My trip to Switzerland had me wondering if this was a good strategy, however. The breakfast snack served by Air Canada made me extremely nauseous, and then the following morning we rushed out the hotel before 6am for my boyfriend to make his flight. I had only the vaguest idea of where I was going, but it was ok – free wifi at Geneva airport to look it up! Then I realized the wheel on my suitcase was broken, it was draggable but a pain. But still, I worked out the ticketing system and got myself on a train (with time to pick up delicious croissant, natch) and rescue some unfortunate American that didn’t speak French. I had to change trains, but I got a ticket and found out which and boarded with minutes to spare. I honestly don’t know if the Swiss are just particularly efficient with lots of trains or whether I was ridiculously lucky, but I didn’t spend any time hanging about waiting!
But, my suitcase was driving me nuts and I was stressing that the wheel would give out completely. Also, I was doubting myself – should I have had a plan? Was my boyfriend and I deciding on impulse on Thursday that we would have a date in Geneva insane? Would my flight on Wednesday be cutting it too fine? How was I going to write my first academic talk when it turns out my co-supervisor won’t be there to get some insight from?
And then, as we headed upwards towards the mountains I looked out the window. And realized that 1. Switzerland is so very beautiful. And 2. Right now, is just fine.
And then, y’know I got off the train and followed a mis-signposted road and got a bit lost. And came in to discover that whilst I received a receipt the conference organizers didn’t receive proof that I’d paid and had a huge drama trying to connect to the internet… and ended up sleeping through the afternoon’s sessions.

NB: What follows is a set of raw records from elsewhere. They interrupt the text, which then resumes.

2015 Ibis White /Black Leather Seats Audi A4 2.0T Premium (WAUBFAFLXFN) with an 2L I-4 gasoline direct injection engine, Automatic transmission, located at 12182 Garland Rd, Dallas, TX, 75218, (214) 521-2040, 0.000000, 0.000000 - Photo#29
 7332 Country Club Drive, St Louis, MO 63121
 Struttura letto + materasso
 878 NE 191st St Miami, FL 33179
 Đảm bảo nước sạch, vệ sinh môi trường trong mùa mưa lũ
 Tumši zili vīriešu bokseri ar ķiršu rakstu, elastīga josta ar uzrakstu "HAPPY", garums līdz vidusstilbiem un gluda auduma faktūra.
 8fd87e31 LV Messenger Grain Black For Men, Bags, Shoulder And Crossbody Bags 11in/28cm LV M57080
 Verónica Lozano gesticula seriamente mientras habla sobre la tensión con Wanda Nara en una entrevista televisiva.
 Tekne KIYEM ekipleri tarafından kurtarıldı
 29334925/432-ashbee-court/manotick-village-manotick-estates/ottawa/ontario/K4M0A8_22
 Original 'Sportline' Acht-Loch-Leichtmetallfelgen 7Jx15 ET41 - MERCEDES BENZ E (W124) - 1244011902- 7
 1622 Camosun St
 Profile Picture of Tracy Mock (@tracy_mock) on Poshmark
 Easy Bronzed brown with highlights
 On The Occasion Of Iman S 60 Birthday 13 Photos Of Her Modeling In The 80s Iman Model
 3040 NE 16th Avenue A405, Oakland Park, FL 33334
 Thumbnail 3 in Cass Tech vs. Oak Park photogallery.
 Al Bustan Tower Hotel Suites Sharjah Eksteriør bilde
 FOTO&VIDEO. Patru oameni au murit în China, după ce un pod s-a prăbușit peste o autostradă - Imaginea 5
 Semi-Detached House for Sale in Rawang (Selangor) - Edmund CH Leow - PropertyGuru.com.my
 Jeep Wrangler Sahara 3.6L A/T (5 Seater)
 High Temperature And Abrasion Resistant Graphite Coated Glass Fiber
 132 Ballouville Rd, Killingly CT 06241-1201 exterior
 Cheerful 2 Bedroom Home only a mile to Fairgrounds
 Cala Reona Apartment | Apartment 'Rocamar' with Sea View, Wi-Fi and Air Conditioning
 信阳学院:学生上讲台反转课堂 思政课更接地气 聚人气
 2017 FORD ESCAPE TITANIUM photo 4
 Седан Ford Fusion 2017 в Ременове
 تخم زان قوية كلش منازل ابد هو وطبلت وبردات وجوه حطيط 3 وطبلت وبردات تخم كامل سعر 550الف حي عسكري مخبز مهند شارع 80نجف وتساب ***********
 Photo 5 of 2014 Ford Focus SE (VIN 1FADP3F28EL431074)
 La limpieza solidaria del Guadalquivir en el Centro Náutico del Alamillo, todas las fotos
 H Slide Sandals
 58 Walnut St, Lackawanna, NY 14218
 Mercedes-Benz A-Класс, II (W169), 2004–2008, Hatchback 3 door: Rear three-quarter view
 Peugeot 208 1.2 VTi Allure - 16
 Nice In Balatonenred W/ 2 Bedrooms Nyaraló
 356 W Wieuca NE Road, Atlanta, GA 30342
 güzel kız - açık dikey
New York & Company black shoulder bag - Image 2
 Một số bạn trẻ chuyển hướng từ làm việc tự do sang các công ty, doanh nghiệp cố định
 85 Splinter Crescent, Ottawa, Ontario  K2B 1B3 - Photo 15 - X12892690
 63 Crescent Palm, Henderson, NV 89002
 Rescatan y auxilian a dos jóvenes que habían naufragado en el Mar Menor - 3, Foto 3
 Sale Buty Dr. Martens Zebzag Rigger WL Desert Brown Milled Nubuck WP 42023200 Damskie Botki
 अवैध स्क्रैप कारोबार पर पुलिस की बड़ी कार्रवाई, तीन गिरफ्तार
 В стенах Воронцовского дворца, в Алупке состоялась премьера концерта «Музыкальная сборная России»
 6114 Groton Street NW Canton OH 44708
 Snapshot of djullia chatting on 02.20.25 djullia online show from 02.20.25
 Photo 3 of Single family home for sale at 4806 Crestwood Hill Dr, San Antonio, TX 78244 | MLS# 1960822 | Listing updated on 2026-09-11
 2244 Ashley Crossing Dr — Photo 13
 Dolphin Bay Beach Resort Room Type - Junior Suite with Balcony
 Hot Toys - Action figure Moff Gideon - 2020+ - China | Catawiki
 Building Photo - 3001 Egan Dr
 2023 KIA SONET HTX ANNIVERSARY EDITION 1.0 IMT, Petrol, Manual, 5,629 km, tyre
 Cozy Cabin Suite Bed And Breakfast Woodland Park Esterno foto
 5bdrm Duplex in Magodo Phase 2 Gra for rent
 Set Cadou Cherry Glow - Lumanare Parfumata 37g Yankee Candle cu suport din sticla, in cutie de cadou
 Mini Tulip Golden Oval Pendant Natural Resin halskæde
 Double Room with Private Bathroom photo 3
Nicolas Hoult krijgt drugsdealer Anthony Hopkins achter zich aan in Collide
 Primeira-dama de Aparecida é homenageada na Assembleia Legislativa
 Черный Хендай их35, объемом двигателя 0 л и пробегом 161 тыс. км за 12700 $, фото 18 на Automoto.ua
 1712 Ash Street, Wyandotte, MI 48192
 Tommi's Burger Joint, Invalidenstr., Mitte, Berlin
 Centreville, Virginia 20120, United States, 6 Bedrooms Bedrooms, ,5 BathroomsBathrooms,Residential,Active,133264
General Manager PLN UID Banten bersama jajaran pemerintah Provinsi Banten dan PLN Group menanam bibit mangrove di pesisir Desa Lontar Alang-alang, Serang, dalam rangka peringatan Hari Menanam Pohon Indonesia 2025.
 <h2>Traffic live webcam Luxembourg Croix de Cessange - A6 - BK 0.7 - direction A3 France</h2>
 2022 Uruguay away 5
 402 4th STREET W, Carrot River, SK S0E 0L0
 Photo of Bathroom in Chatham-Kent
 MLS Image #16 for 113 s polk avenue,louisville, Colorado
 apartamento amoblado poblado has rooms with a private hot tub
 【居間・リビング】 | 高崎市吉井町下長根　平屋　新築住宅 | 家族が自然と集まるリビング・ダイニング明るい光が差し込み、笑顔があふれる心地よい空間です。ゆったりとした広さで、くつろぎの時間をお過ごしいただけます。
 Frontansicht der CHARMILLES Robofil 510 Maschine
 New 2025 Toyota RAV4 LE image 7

But that feeling hasn’t left me. Right now, is just fine. And I like travelling chaotically because it is always fine. I challenge myself – and then I make it work. I have been to a lot of places, and experienced a lot of awesome things. My last passport had stamps or visas on nearly every page and my new one has extra pages – it represents the possibilities – the places I’ll go, the adventures I’ll have. In all the stress and the chaos and the frustration with constantly packing-or-unpacking, and living in the same few outfits because honestly I can’t remember what else is in my closet it all became not-fun anymore. And people would say, “Oh Switzerland? You’re so lucky!” And I would look on in bewilderment because it felt like all I was seeing was airports and hotels and how is it lucky to go to a ski resort and not ski?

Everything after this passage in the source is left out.